Data section start

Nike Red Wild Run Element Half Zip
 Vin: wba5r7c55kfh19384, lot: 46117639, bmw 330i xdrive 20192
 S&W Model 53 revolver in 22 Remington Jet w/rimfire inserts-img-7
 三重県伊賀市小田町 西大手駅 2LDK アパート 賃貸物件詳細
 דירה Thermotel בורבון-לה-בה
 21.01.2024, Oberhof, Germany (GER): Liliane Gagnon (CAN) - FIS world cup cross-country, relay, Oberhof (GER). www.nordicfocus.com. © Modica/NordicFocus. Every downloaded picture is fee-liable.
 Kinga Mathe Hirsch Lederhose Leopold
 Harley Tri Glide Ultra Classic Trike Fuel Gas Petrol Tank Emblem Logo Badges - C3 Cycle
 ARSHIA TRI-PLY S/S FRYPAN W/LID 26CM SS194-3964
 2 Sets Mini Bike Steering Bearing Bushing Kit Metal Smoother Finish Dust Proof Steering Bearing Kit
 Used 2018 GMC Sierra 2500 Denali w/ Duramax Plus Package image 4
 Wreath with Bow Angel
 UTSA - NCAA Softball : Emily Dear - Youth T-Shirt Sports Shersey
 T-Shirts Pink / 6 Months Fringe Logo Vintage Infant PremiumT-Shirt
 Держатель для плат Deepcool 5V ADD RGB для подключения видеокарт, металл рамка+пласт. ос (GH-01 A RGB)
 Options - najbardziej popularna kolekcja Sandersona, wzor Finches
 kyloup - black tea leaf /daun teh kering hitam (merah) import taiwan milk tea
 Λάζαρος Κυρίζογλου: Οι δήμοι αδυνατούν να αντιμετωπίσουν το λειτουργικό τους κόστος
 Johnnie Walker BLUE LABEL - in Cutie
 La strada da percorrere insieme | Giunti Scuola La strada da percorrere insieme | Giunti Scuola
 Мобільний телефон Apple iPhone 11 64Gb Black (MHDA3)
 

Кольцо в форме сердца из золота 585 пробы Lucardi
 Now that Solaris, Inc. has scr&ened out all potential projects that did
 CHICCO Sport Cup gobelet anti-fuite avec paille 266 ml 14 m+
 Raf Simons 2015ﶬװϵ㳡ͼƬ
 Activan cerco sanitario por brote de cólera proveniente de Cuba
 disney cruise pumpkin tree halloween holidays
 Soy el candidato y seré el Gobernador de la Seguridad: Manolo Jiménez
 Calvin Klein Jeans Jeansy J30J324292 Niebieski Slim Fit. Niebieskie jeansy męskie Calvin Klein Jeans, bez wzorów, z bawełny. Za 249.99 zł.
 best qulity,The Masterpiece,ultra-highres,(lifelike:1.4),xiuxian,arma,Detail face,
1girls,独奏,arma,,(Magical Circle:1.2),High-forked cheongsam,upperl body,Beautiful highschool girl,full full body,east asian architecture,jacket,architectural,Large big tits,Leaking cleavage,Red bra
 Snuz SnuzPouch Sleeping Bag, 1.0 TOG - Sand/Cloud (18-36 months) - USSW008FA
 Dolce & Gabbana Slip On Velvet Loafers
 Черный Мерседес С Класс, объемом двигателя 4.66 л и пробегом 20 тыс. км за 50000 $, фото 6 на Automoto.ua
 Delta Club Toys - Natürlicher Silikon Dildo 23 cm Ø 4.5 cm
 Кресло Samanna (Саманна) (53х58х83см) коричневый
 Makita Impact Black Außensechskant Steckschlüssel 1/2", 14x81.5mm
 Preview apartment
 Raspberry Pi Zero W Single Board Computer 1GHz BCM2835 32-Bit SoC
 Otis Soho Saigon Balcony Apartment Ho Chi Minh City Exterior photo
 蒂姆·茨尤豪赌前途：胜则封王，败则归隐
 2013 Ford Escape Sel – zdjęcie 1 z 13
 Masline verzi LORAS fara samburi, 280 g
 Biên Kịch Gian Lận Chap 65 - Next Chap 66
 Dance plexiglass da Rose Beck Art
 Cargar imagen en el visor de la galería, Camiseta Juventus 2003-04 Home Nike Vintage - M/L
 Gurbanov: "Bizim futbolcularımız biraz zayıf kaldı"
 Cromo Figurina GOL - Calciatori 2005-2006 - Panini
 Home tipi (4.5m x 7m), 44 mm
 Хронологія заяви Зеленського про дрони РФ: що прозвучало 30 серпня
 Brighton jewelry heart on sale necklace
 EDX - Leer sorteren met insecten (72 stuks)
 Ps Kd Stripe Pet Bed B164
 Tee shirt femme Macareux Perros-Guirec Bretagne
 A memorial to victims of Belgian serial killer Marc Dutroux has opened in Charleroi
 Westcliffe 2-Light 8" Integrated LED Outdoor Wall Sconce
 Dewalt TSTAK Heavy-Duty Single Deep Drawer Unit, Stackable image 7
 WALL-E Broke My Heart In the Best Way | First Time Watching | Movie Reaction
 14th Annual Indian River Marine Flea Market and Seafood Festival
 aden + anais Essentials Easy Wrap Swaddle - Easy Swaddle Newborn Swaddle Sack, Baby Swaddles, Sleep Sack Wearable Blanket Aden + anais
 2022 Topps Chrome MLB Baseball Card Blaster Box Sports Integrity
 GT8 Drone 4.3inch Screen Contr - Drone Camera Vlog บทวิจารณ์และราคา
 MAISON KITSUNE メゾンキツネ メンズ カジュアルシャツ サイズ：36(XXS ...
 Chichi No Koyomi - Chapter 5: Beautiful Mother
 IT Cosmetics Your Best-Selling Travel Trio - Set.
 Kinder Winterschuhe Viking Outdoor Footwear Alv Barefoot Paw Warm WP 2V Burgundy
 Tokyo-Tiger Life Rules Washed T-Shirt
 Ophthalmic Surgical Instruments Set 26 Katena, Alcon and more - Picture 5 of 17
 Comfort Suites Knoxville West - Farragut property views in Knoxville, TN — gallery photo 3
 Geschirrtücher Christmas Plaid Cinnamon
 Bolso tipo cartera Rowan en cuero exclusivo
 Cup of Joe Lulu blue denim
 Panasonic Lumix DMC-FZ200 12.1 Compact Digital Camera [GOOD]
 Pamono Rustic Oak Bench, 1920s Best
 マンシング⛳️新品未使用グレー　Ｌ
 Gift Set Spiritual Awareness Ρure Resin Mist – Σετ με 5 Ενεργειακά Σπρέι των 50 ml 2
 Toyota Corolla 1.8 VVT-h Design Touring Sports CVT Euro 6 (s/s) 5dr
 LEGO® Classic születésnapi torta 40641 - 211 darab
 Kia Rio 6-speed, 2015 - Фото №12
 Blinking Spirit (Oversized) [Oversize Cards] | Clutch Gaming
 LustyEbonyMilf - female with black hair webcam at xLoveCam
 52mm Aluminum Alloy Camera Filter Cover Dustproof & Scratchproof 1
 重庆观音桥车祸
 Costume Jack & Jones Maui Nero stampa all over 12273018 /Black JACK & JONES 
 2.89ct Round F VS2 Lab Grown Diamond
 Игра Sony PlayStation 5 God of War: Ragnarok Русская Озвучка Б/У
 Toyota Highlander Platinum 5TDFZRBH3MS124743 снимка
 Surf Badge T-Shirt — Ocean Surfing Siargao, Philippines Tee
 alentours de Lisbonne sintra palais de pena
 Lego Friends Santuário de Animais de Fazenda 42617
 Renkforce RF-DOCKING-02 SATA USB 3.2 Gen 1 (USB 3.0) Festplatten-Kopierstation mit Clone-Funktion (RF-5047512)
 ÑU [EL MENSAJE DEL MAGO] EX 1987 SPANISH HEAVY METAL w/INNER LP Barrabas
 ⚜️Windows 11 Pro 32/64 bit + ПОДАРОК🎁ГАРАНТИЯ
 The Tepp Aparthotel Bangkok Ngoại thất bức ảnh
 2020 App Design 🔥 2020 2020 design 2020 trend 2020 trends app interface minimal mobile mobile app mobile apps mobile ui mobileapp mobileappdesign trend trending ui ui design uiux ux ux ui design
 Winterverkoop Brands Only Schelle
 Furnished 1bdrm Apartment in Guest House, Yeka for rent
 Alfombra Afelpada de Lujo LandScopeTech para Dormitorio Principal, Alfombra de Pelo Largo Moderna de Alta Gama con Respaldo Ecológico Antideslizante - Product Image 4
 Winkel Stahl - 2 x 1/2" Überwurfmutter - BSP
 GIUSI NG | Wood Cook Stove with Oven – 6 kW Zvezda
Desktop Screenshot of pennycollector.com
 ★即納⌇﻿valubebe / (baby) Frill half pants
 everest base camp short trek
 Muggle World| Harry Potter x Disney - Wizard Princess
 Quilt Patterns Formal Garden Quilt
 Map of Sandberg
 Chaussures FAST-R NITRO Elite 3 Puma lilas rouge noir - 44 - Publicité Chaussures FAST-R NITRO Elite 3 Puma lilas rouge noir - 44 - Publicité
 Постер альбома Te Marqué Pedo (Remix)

Data section end

Reproduce word for word only the first line of the listing above and each line after it through the line with "UTSA - NCAA".

Exercise output:
Nike Red Wild Run Element Half Zip
 Vin: wba5r7c55kfh19384, lot: 46117639, bmw 330i xdrive 20192
 S&W Model 53 revolver in 22 Remington Jet w/rimfire inserts-img-7
 三重県伊賀市小田町 西大手駅 2LDK アパート 賃貸物件詳細
 דירה Thermotel בורבון-לה-בה
 21.01.2024, Oberhof, Germany (GER): Liliane Gagnon (CAN) - FIS world cup cross-country, relay, Oberhof (GER). www.nordicfocus.com. © Modica/NordicFocus. Every downloaded picture is fee-liable.
 Kinga Mathe Hirsch Lederhose Leopold
 Harley Tri Glide Ultra Classic Trike Fuel Gas Petrol Tank Emblem Logo Badges - C3 Cycle
 ARSHIA TRI-PLY S/S FRYPAN W/LID 26CM SS194-3964
 2 Sets Mini Bike Steering Bearing Bushing Kit Metal Smoother Finish Dust Proof Steering Bearing Kit
 Used 2018 GMC Sierra 2500 Denali w/ Duramax Plus Package image 4
 Wreath with Bow Angel
 UTSA - NCAA Softball : Emily Dear - Youth T-Shirt Sports Shersey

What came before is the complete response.